You Can Also Build This in Cowork
Same Desktop app, same Connectors, same flow. Three things change:
- Routines become Scheduled Tasks. Click the Cowork tab → Scheduled → New task. Same idea, different label.
- Memory works through Cowork's project memory. Create the Scheduled Task inside a Cowork Project, not standalone. Cowork Projects have their own project-scoped memory that Claude saves and references across runs automatically. Update the system prompt to reference "project memory" instead of "memory.md."
- Important: standalone Scheduled Tasks start fresh every run. No memory across runs. Always put the Scheduled Task inside a Cowork Project for this build.
The brief itself is identical. The Granola extraction rule, the help-offer framework. All of it ports over unchanged. The trade-off is granularity: Cowork's memory is a single project-scoped bucket. Code's memory.md is a file you can read, edit, prune, and split. If you want tighter memory control after a few weeks, the Code build is one Routine away.
Tuning the Agent
The agent only gets better if you stay in the feedback loop. Run it for three days first. Pattern recognition needs samples. Then start telling it what's working and what isn't.
The beauty of building this in Code: the feedback loop happens directly on the briefs. Open today's brief and tell the agent in conversation: "The AI Pulse is leaning too consumer. Tighten the filter to enterprise-only." Or: "The Memory Log is too verbose. Keep it to one phrase per item." Then tell the agent to update the system prompt on the Routine. It will. The next morning's brief reflects the change.
Common tuning patterns:
- Industry filter too broad: Add more "skip" criteria. Be specific about what you don't want.

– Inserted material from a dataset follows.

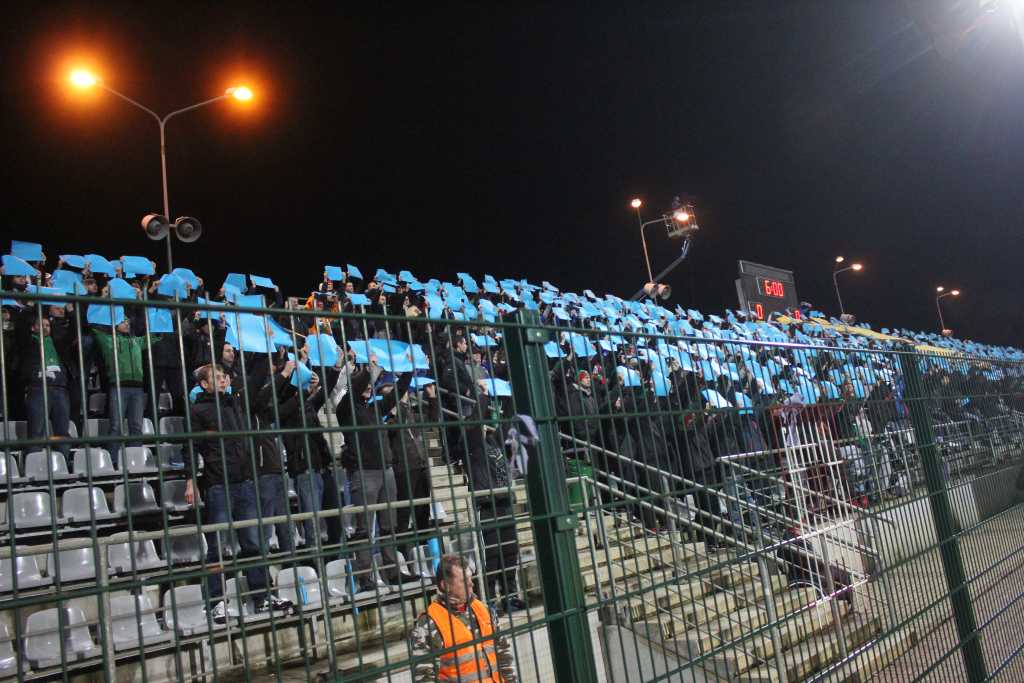 Stadion im. Orła Białego z kompletem publiczności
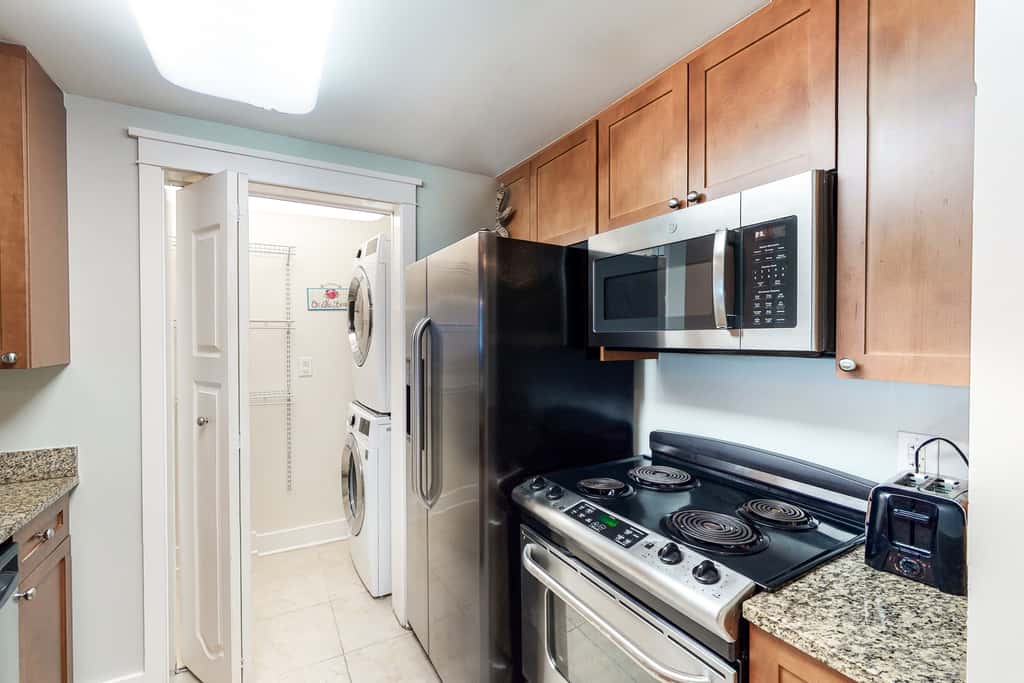 2nd Floor Upscale Condo At Waterscape 490 Feet Of Private Beach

- Tone is off: Update the Tone & formatting block. "Dry" and "analytical" for sharp. "Warm" and "coaching" for softer.
- VIP list needs pruning: People who used to matter and no longer do should come off. The agent will keep surfacing them otherwise.
- A section is dead weight: Cut it. The brief shouldn't include sections that never have content. Keep the Memory Log no matter what. That's where the compounding happens.
- memory.md is getting noisy: Tell the agent to prune more aggressively. Or split into multiple files and update the data sources accordingly.
The agents that compound are the ones that get tuned. The ones that go stale are the ones the user never touches after Day 1.
What to Do This Week
Pick a real morning. The next weekday you're working.
- Block 20 minutes today for the build.
- Walk through the three steps: Connectors, interview prompt in Chat, Routine in Code.
- Run the brief manually once before the schedule kicks in. If the output is off, tell Claude what to change. Update the Routine.
- Schedule for tomorrow morning at your preferred time.
The first morning the brief lands in your channel before you're awake, you'll get it. The second morning, you'll notice you didn't open Gmail before 10am. By the third week, memory.md will start telling you things about yourself.
The brief isn't the value. The behavior change is.